Entries provided:
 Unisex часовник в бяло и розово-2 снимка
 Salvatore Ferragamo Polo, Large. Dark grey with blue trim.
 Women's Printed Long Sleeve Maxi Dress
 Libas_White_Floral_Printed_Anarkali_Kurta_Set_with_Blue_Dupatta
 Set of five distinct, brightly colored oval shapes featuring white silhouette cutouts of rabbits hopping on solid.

---

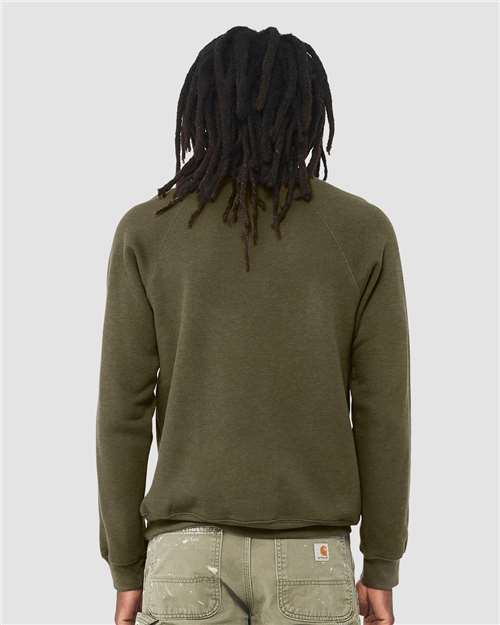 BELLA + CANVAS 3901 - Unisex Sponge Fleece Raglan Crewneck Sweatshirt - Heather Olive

==

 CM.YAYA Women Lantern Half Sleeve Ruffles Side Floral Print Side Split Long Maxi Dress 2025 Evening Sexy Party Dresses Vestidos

What you should do: Only the lines above from the line with "Women's Printed Long Sleeve Maxi Dress" to the line with "Set of five", those two lines included, should be reproduced exactly.

Answer box:
 Women's Printed Long Sleeve Maxi Dress
 Libas_White_Floral_Printed_Anarkali_Kurta_Set_with_Blue_Dupatta
 Set of five distinct, brightly colored oval shapes featuring white silhouette cutouts of rabbits hopping on solid.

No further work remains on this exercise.